「資格は取れた。でもどこに転職できる?年収は?40代でも間に合う?」
そんな不安に、実務未経験の壁/年収の現実/突破の手順まで正直にお答えします。
結論(先に):
40代の転職は「資格+業界経験(または補助者実務)」のセットが基本。
未経験でいきなり法務正社員は難しく、“補助者→専門特化→内製法務”の段階設計が最短です。
目次
行政書士取得後の主な転職先(全体像)
| 転職先 | 主な業務 | 向き・不向き | 年収レンジの“現実” |
|---|---|---|---|
| 企業法務部 | 契約書/コンプラ/許認可の社内対応 | 40代は「業界経験×法務」セットが強い | 未経験は300〜450万スタートが多め/実務者は450〜650万 |
| コンサル・士業系支援会社 | 許認可・法人設立・運用フロー構築 | 提案型・複数案件を回せる人向き | 350〜600万(成果で上下大きい) |
| 金融・保険・不動産 | 相続・遺言サポート/契約審査 | 接客・営業経験が強み | 350〜550万(専門寄せで上振れ) |
| 行政書士/弁護士事務所 | 書類作成・調査・顧客対応(補助者) | 実務の入口として最重要 | パート/契約時給1,200〜1,800円/正社員280〜380万から |
注意:上の年収は求人票と実データの中央値を意識した“現実ライン”。
「資格だけで年収600万」は即戦力クラス(業界×法務の経験者)に多い事例です。
40代の最大の壁:「未経験」と「即戦力」のギャップ
- 企業や事務所が求めやすいのは「行政書士+過去の業界実務」または「(補助者としての)実務経験」。
- “資格だけ”で法務正社員は狭き門。年収も300万円台の提示が現実的です。
打開策=段階設計
- 補助者で6〜12か月:実務経験を積む(許認可・相続・ビザなど)
- 専門特化で差別化:「業界×法務」(例:建設×許認可、不動産×契約、外国人雇用×ビザ)

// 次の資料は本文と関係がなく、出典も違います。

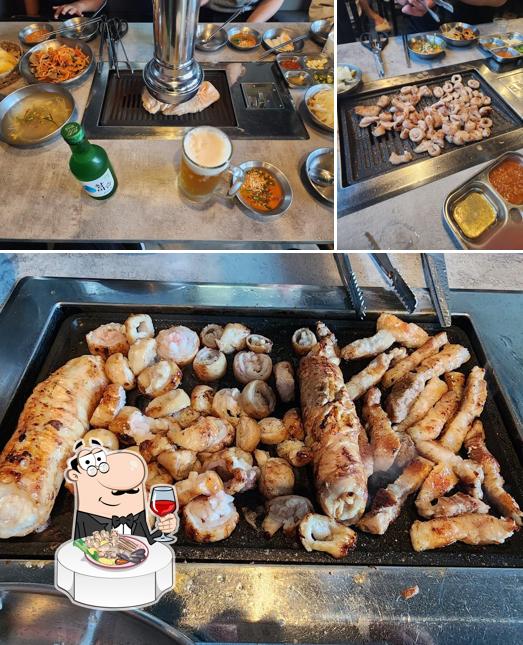 모이세막창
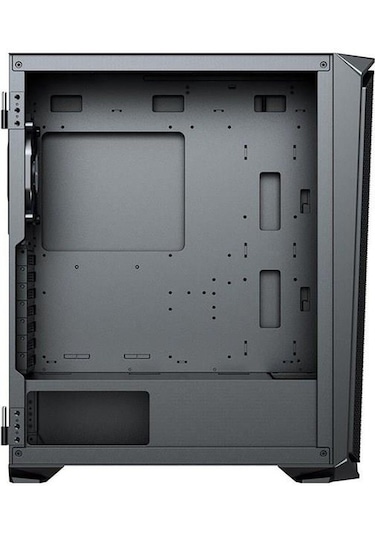 Powerboost PB-P3720B 850 W 80+ Brozne Gamıng E- Atx PC Kasa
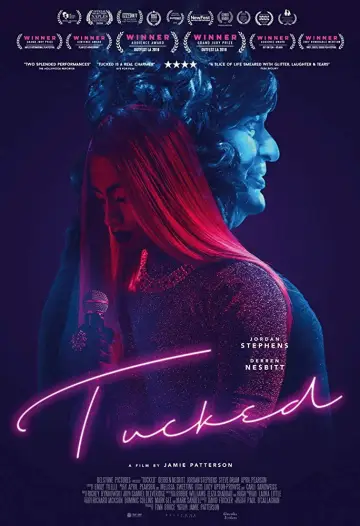Plakat do filmu "Na zakładkę" #703334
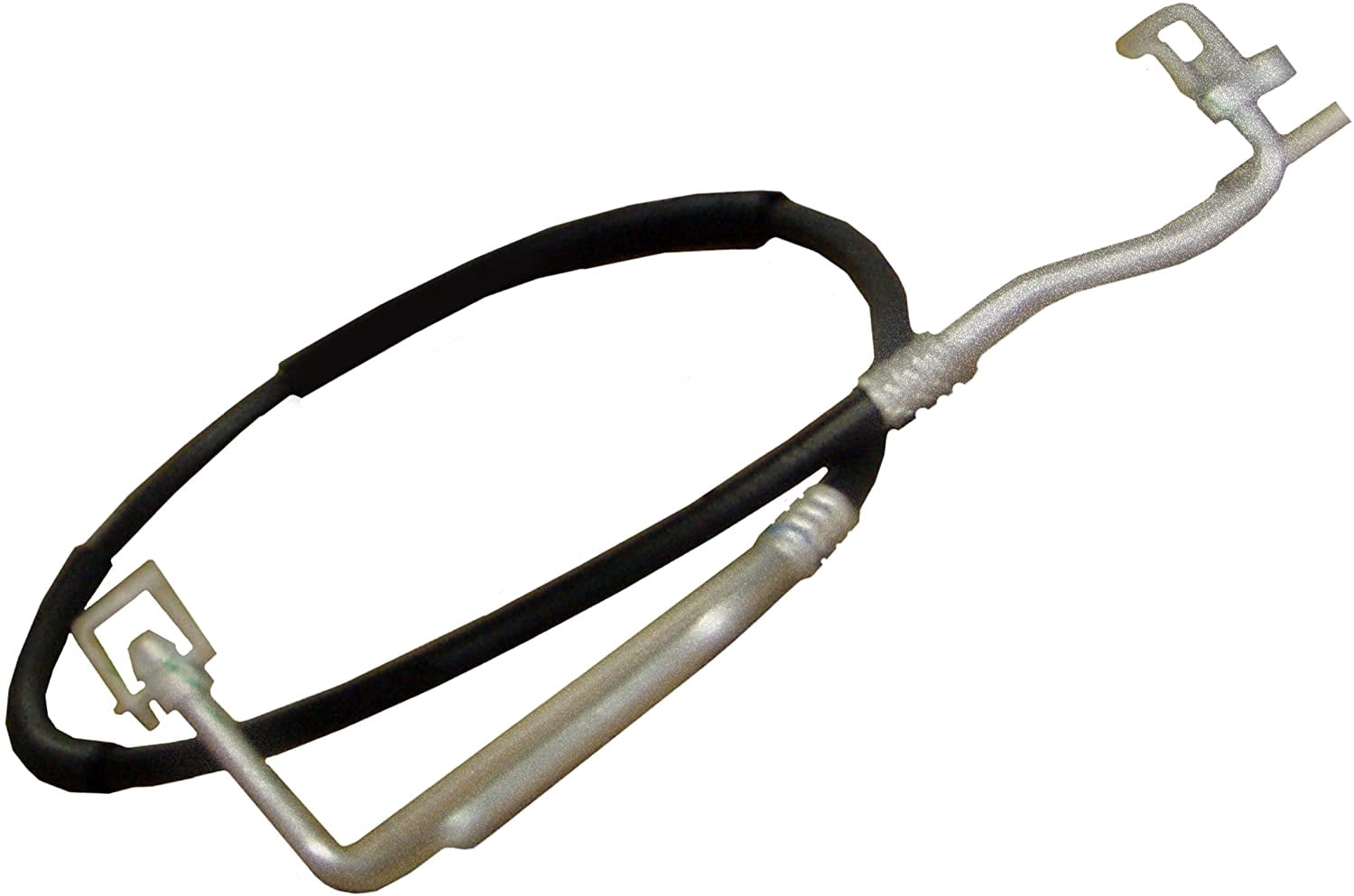 OEM AC Manifold And Condenser Hose GM Genuine Parts AC Compressor ...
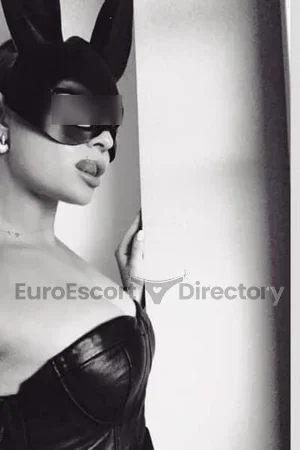 Mila Euro Escort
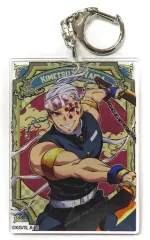 2025年最新】宇髄天元 アクリルスタンド ワールドツアーの人気アイテム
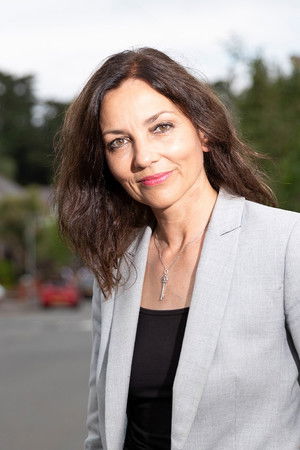 The Great House Giveaway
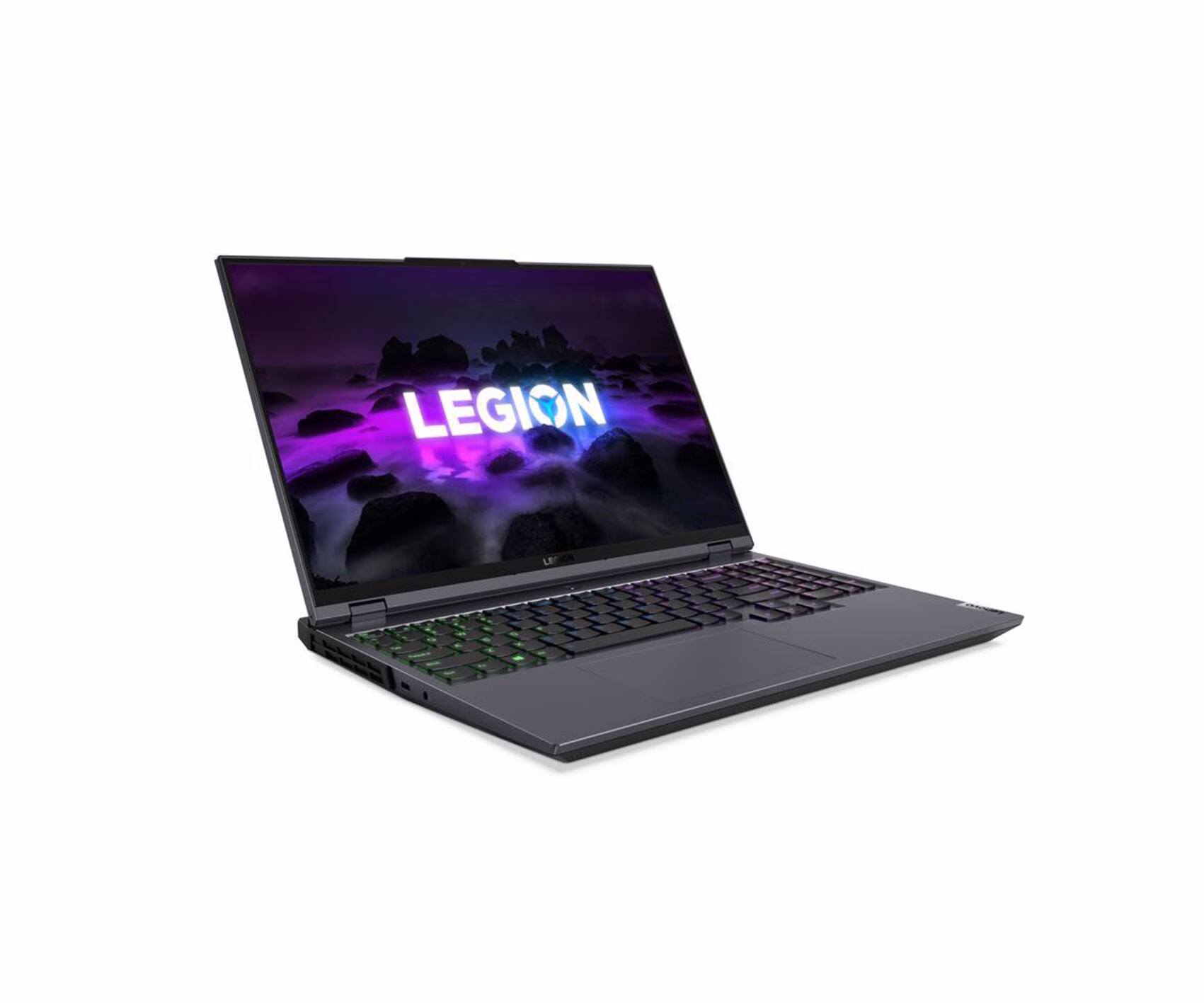 Lenovo Legion Pro 5 16IRX10 (7 5800h, 16GB RAM, 1TB, RTX 3070)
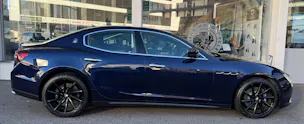 Maserati Ghibli D 3.0 V6 Automatica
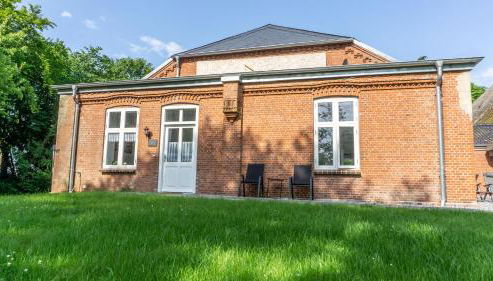 Ferienwohnung Sylt auf dem Holmhof - Foto 3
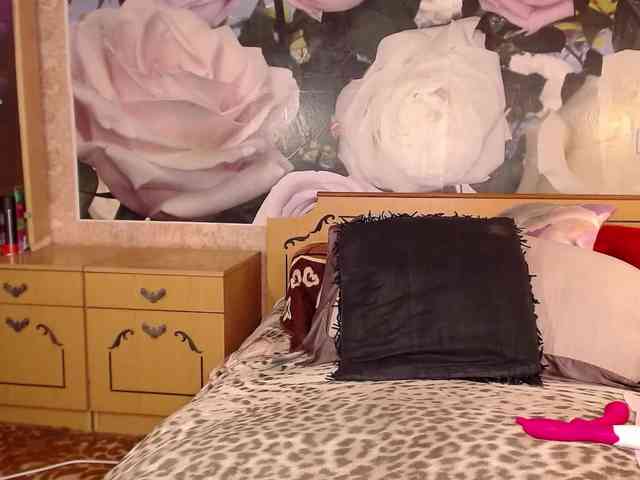 -Karolina555- webcam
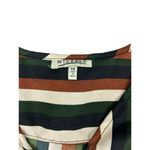 Mileage  Women's Crop Tie Top Photo 2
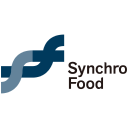 Logo for company Synchro Food Co., Ltd.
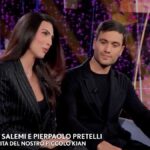 Pierpaolo Pretelli a Verissimo: “C’è una cosa di Giulia Salemi che mi ha sconvolto”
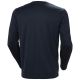 9. Helly Hansen HH Tech Crew LS 2.0 M T-shirt 49582 597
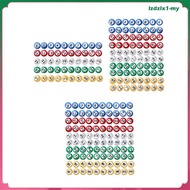 [LzdzlxaaMY] Bingo Ball Universal Tally Ball for Nights Parties Large Group Games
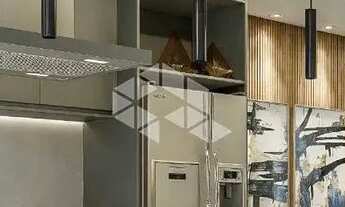 Imagem 4: CASA COM 3 SUÍTES E CHURRASQUEIRA NO RESIDENCIAL RESERVA SANTA MÔNICA FLORIANÓPOLIS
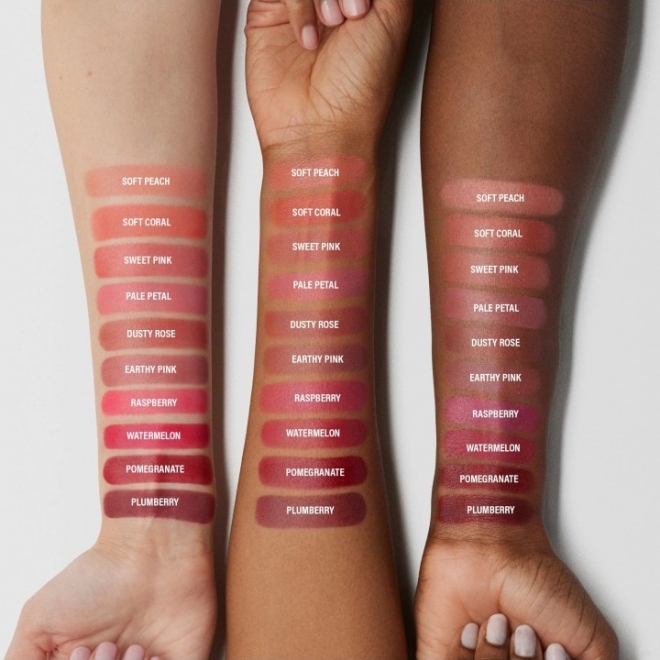 Make Up by Mario Румяна-стик Soft Pop Cream Blush Stick Soft Peach, 10.5 гр 4
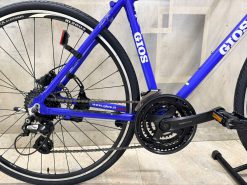 Xe đạp GIOS Nhật bãi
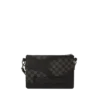 BOLSO DE MANO CROSSOVER GHOST WAVE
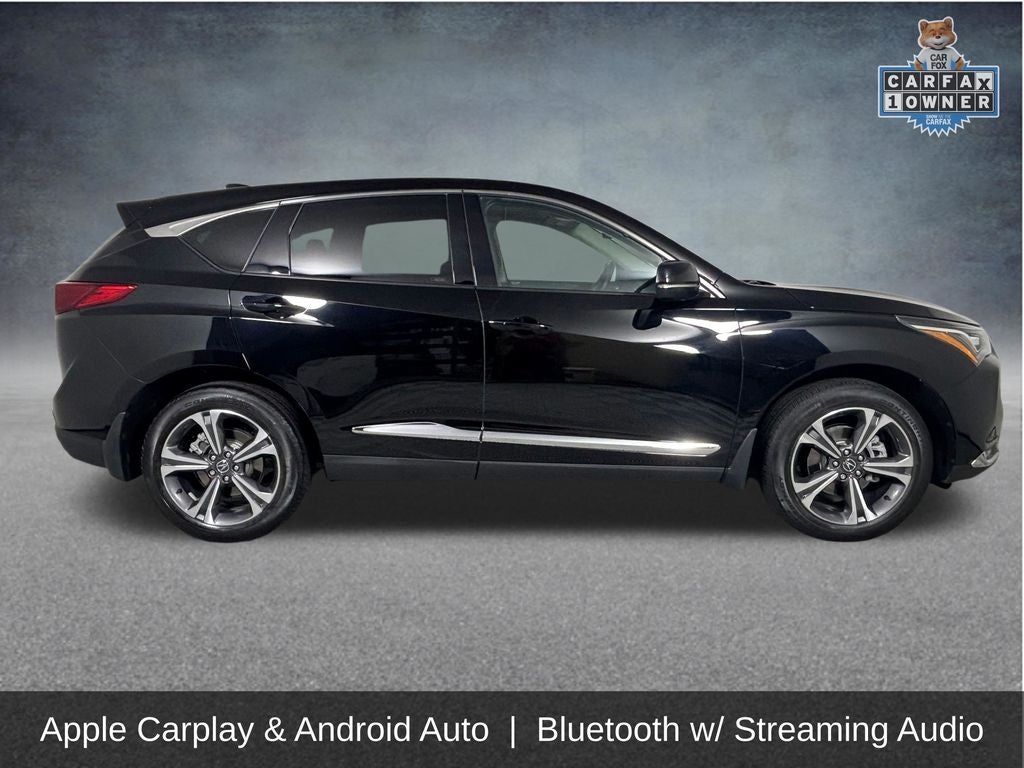 2022 Acura RDX Advance Package SH-AWD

- 内製法務/法務担当へ横展開:“やったことがある”を武器に転職
即戦力化しやすい“専門特化”3選(40代との相性◎)
| 領域 | 入口の作り方 | 価値の伝え方(職務経歴書) |
|---|---|---|
| 建設×許認可 | 行政書士事務所で建設業許可の補助/下請・元請の構造理解 | 「新規・更新・業種追加を×件対応。経営事項審査の書類整備。入札制度の要件整理」 |
| 不動産×契約 | 売買/賃貸の契約周辺・重要事項の論点理解 | 「売買契約書の条項比較表を整備。トラブル×種の再発防止チェックリスト作成」 |
| 外国人雇用×在留資格 | 事務所補助/企業人事のサポートで就労ビザの運用 | 「在留資格変更・更新×件。要件ヒアリング〜申請書類標準化でリードタイム短縮」 |
命題は“何の専門家か”を一行で言えるか。
例:「建設業の許認可実務に強い行政書士」/「外国人雇用に強い在留資格実務者」。
体験談(編集部ヒアリング/要約)
- Aさん(41・元営業/合格後6か月)
最初は企業法務で書類落ち。事務所のパート補助者に切り替え、建設業許可と経管要件を集中。10か月後、建設会社の法務総務へ年収380→470万。「“やったこと”の一言が効く」と実感。 - Bさん(45・人事出身)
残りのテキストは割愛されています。